E’ certo di non poco interesse quanto ci dice G. Prunai nell’articolo “Lo Studio senese dalle origini alla “migratio” bolognese “(sec.XII-1321) in BSSP. LVI (1949) pp. 53-79. Ma il periodo della migratio di docenti e studenti dello studio bolognese del 1321 a Siena è già un momento in cui Giovanni Tolomei da anni si trovava nel deserto di Acona, e quindi pur essendo molto importante esula dalla nostra osservazione.
Anche la trascrizione dei documenti reperiti soprattutto nell’archivio di Stato di Siena nei quali troviamo nota di pagamenti a lettori dello Studio senese ed un elenco di 550 medici senesi dal 774 al 1555 è tutto materiale che si rivela utilissimo per confrontare questi nomi con quelli che si trovano nei verbali di laurea dell’Archivio Arcivescovile.
Se l’insegnamento nello Studio senese, come abbiamo accennato sopra, non fu di livello così elevato, possiamo però ricordare quanto successe nel corso dell’estate del 1318, in seguito alla campagna massetana, quando i giudici e i notai, probabilmente per protesta contro la recente regolamentazione governativa delle loro tariffe fecero nuove pressioni sul governo e risposero rapidamente con uno sciopero generale ed alcuni di essi minacciarono apertamente certi membri del governo.

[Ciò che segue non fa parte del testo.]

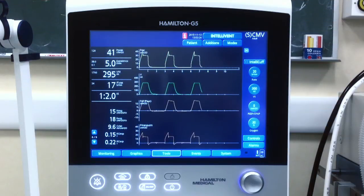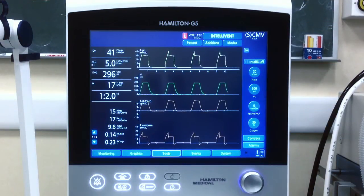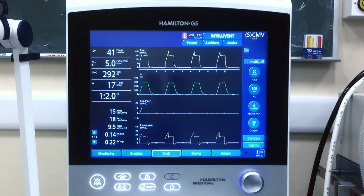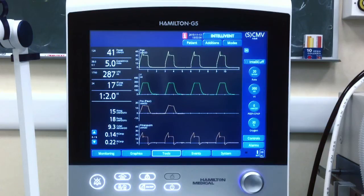This is how we can measure the partition compliance of the lung and chest wall with the help of esophageal pressure on a Hamilton ventilator. This is particularly useful to exclude low compliance of the chest wall when it's hard to ventilate the patient.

L’oligarchia al potere fu costretta a trattare con maggior attenzione e minore fretta i giudici e i notai, socialmente prestigiosi e spesso più ricchi degli oligarchi stessi.
Ma il 21 novembre 1318 si arrivò a provvedimenti nei quali si comminarono pene severe ai ribelli . I principali congiurati del clan dei Tolomei furono toccati, anche se ebbero salva la vita, ma le loro proprietà urbane furono rase al suolo.
Il regime dopo aver riacquistato il controllo completo della situazione nel maggio del 1319 pose fuorilegge la potente corporazione dei giudici e dei notai, ma la mancanza conseguente di un controllo corporativo della competenza dei notai provocò seri problemi per quasi tutta la comunità senese, data la necessità diffusa di far redigere tutti i documenti pubblici e privati dai notai in modo corretto e secondo le intenzioni dei richiedenti.Questa situazione si protrasse a lungo e si notò che molti giovani e inesperti nell’arte notarile diventarono notai, ma l’ultimo esame corporativo si era tenuto nel settembre del 1317; e malgrado la necessità di giudici e notai soltanto il 17 agosto 1341 il consiglio cittadino con 247 voti contro 39 accettò la petizione ai Nove per il ripristino della corporazione dei notai.